Os limites do devir literatura no jornalismo

Silvio Ricardo Demétrio1

 

Ao se considerar as relações entre o jornalismo e a literatura, há de se ter sempre em mente a base comum da qual ambas as práticas se servem: a linguagem. Esta obviedade nada fácil, a linguagem, exige de quem por sobre ela se debruça certos cuidados a fim de que se extraiam elementos comuns a ambos os campos, e que, portanto, sirva de fundamento para uma análise de relações possíveis. Não firmamos com isto um ato comparativo, senão, buscamos evidenciar as diferenças e as identidades que subsistem no interior destes dois campos.
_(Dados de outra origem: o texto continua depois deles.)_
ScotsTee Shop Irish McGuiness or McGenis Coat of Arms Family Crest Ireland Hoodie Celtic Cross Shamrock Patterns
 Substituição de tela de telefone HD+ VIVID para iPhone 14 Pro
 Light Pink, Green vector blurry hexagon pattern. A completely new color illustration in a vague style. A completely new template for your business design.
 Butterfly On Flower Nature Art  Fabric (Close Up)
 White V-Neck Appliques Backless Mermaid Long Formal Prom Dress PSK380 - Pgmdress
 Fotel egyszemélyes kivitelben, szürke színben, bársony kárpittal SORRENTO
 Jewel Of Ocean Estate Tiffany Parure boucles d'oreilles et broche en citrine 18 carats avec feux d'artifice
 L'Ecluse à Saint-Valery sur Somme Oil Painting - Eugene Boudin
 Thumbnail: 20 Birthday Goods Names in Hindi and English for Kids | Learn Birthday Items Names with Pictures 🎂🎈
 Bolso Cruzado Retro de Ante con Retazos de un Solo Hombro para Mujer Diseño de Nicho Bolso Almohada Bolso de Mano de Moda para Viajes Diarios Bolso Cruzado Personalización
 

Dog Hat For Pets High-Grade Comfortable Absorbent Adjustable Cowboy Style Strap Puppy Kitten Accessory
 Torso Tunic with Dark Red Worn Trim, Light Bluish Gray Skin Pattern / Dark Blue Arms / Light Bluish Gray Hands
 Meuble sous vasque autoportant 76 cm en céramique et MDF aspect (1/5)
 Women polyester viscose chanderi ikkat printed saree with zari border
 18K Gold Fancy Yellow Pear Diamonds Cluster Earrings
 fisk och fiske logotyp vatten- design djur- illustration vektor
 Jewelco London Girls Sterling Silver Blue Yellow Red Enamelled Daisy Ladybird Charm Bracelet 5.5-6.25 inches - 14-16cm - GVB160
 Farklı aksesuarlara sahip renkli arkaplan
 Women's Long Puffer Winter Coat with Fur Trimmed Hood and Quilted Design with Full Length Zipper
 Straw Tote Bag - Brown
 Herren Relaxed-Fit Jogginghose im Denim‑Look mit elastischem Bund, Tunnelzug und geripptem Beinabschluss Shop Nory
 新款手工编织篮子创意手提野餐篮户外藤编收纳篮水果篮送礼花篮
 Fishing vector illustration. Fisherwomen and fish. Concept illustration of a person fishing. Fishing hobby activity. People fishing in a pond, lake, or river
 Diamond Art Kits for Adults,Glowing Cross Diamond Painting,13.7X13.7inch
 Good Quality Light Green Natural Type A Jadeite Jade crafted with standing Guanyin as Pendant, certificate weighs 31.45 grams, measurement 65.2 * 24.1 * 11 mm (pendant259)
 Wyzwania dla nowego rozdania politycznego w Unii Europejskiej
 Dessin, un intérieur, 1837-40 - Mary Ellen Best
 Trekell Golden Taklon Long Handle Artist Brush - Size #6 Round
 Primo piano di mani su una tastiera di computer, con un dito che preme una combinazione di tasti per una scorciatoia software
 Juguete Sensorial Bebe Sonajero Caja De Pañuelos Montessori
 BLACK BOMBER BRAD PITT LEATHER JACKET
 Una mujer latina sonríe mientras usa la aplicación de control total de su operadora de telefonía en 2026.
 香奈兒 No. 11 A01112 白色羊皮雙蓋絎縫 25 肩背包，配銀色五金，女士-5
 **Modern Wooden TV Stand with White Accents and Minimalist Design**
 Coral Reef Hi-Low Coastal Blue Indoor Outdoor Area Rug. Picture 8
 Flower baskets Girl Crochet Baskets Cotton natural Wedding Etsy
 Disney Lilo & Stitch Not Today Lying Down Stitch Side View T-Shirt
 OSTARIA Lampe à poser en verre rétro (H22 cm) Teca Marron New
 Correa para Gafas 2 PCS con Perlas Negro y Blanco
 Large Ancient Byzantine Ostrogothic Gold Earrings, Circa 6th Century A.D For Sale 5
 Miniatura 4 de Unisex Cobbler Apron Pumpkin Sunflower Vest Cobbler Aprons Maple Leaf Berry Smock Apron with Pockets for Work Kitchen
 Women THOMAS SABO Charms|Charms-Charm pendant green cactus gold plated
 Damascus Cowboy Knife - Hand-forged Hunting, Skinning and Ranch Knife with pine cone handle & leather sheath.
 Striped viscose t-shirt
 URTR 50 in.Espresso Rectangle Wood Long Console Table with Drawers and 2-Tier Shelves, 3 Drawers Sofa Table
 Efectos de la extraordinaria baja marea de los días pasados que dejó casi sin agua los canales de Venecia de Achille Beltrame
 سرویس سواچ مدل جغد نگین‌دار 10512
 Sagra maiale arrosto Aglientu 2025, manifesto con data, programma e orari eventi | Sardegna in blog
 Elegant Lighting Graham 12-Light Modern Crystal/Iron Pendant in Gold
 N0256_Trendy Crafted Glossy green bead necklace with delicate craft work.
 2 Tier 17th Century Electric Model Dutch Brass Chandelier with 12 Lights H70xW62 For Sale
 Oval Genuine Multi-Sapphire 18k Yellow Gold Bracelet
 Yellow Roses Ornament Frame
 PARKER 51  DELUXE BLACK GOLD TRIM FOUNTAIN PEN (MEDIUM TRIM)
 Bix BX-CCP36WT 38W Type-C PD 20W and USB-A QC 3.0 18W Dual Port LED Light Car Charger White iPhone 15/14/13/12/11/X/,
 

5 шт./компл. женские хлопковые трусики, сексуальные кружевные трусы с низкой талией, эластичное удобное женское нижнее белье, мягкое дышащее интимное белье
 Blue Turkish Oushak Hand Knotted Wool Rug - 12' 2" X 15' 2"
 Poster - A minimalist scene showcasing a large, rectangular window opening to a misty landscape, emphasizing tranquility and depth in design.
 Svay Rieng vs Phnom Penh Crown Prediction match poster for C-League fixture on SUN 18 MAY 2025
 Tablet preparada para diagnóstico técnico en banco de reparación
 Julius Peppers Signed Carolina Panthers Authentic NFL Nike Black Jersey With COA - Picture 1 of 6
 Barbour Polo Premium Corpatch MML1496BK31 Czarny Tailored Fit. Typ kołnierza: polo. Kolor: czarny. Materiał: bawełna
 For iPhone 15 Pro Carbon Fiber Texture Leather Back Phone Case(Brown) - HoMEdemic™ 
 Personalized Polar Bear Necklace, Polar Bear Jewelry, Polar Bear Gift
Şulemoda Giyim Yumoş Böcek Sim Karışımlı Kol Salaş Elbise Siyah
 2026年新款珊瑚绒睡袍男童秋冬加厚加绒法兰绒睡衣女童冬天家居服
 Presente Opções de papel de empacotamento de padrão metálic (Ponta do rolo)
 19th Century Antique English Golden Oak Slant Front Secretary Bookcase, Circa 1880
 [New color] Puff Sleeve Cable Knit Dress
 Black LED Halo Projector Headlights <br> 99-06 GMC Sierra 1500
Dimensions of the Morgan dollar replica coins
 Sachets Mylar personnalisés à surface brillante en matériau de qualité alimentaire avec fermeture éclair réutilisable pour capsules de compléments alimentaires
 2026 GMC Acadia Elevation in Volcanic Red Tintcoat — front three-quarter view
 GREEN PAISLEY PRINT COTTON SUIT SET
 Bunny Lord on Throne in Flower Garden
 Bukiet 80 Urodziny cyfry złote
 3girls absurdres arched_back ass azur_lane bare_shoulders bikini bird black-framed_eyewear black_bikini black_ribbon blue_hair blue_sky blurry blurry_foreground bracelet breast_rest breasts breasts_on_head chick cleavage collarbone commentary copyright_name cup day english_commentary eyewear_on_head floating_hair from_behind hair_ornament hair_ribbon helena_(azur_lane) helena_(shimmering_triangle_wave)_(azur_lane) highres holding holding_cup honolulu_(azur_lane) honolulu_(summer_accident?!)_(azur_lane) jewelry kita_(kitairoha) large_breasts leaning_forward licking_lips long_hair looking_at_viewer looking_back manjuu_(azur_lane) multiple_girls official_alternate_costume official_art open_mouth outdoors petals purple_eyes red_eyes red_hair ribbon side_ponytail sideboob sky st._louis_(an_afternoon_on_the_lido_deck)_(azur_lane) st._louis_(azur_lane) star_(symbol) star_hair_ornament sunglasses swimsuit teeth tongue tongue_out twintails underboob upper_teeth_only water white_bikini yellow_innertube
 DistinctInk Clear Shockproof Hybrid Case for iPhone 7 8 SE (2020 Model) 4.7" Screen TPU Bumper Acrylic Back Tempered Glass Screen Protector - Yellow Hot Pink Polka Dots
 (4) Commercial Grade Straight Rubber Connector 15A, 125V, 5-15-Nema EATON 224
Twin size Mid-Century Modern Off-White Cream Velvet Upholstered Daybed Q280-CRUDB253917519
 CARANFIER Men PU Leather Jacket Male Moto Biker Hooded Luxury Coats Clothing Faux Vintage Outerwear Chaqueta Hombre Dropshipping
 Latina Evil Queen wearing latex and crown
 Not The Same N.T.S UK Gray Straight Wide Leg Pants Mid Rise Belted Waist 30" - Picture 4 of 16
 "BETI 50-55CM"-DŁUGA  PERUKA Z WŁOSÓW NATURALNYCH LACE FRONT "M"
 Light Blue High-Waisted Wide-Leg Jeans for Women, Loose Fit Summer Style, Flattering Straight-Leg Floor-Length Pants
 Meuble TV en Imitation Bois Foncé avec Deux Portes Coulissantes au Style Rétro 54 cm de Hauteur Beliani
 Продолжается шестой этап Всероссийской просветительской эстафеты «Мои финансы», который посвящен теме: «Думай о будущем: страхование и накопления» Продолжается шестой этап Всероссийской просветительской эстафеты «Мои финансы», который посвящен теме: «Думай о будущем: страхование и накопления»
Entendemos que uma comparação seria instauradora de uma negatividade entre os dois campos, como se houvesse a primazia de um sobre o outro, e não é essa a questão, pois na melhor das leituras estaríamos partindo de um juízo de valor e, na pior, de um preconceito.

Quando colocamos que é necessária a observação de elementos comuns, estamos, logo de partida, afirmando uma identidade entre o jornalismo e a literatura. Tal divisa justifica o porquê de nos pautarmos por abordar o tema sob uma perspectiva capaz de preservar os prolongamentos que ambos, literatura e jornalismo, desempenham entre si. Os cuidados a que nos referimos dizem respeito a tomar como ponto de partida determinado objeto que possibilite a entrada no registro que desejamos, onde não trabalhemos no sentido de uma exclusão de um campo ou outro. Em nosso caso, consideramos a manifestação mais próxima do jornalismo dentro da literatura, que por si só aponte para os limites onde se encontram os pontos de contato e as divergências. Isto nos leva a tomar como objeto a obra que primeiro trouxe o jornalismo para dentro da literatura: as ``Ilusões Perdidas'', de Honoré du Balzac.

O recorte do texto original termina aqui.